JawaPos.com - Gempa melanda wilayah Kepulauan Mentawai, Sumatera Barat pada Selasa (25/4) sekitar pukul 03.00 WIB. Besarnya kekuatan gempa, sampai dengan dirasakan di 7 kota atau kabupaten.
"Gempa bumi berskala magnitudo 7,3 telah terjadi di wilayah Kabupaten Kepulauan Mentawai, Sumatera Barat," kata Plt Kepala Pusat Data, Informasi, dan Komunikasi Kebencanaan BNPB Abdul Muhari.
Guncangan gempa berpusat di 0.93 LS dan 98.39 BT pada kedalaman 84 kilometer. Sebagaimana menurut laporan sementara dari BPBD yang dirangkum Pusat Pengendali dan Operasi (Pusdalops) BNPB per pukul 05.20 WIB didapat sejumlah laporan.
Laporan pertama, dari Kabupaten Kepulauan Mentawai, yang menjadi lokasi paling dekat pusat gempa bumi guncangan dirasakan tidak begitu lama. "Guncangan kuat dirasakan oleh selama 3-5 detik sehingga menyebabkan masyarakat panik dan keluar rumah," imbuhnya.
Sebagian besar warga Kecamatan Siberut Barat, Kecamatan Siberut Barat Daya dan Kecamatan Siberut Utara mengungsi ke lokasi aman di dataran yang lebih tinggi dari perairan. Pada saat kejadian gempa bumi, hujan turun sangat lebat dan arus listrik padam.
Sedangkan dari Kota Padang, guncangan gempa bumi dirasakan kuat selama kurang lebih 30 detik. Dinding berderik, lampu gantung bergoyang dan beberapa benda yang berada di atas meja ada yang jatuh.
"Masyarakat sempat merasa panik dan keluar rumah, namun cukup terkendali.
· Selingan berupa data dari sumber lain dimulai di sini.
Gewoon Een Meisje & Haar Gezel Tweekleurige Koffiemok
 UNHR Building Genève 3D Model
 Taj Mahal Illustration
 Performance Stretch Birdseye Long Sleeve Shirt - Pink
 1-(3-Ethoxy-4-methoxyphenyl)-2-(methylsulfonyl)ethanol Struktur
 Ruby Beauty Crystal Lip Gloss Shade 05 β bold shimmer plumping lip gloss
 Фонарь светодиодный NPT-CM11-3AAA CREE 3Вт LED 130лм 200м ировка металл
Saai ini sebagian masyarakat ada yang memilih mengungsi menjauhi laut," jelas Abdul.
Hingga pukul 03.59 WIB tidak terlihat adanya kondisi tidak normal air laut dan belum terpantau adanya kerusakan bangunan. Saat ini bersama tim BPBD setempat terus melakukan asesmen dan monitoring di lapangan.
Kemudian dari Kabupaten Pasaman Barat juga melaporkan adanya guncangan kuat selama 3-5 detik pada saat terjadi gempa bumi. Akan tetapi hal itu tidak membuat masyarakat panik dan kondisi terpantau aman terkendali.
"Adapun situasi berbeda dilaporkan dari dan Kabupaten Padang Pariaman, masyarakat di sana sempat panik dan keluar rumah setelah merasakan guncangan gempabumi selama 3-5 detik. BPBD Kabupaten Padang Pariaman masih melalukan monitoring," ucap Abdul.
Hal serupa juga dialami masyarakat di Kabupaten Agam. Guncangan gempa bumi dirasakan kuat selama 3-5 detik dan membuat masyarakat panik serta keluar rumah. Sebagian warga di Nagari Tiku Selatan dan Nagari Tiku V Jorong di Kecamatan Tanjung Mutiara memilih mengungsi ke lokasi yang lebih aman.
Berikutnya guncangan gempabumi dirasakan kuat selama 3-5 detik di Kabupaten Nias Selatan, Provinsi Sumatera Utara. Atas guncangan itu, masyarakat di Kota Teluk Dalam mengungsi ke lokasi yang aman sesuai rekomendasi BPBD setempat.
"Dari hasil pantauan di Pelabuhan Teluk Dalam, air sempat surut dan tidak normal seperti biasa. Sampai saat ini belum ada laporan mengenai kerusakan dan tim BPBD Kabupaten Nias Selatan terus melalukan asesmen dan meminta masyaralat tetap waspada," pungkas Abdul.
Wilayah terakhir yang merasakan guncangan gempa bumi adalah Kota Gunung Sitoli, Sumatera Utara. Masyarakat di sana panik dan keluar rumah setelah merasakan guncangan selama 10-15 detik, namun tidak ada yang mengungsi.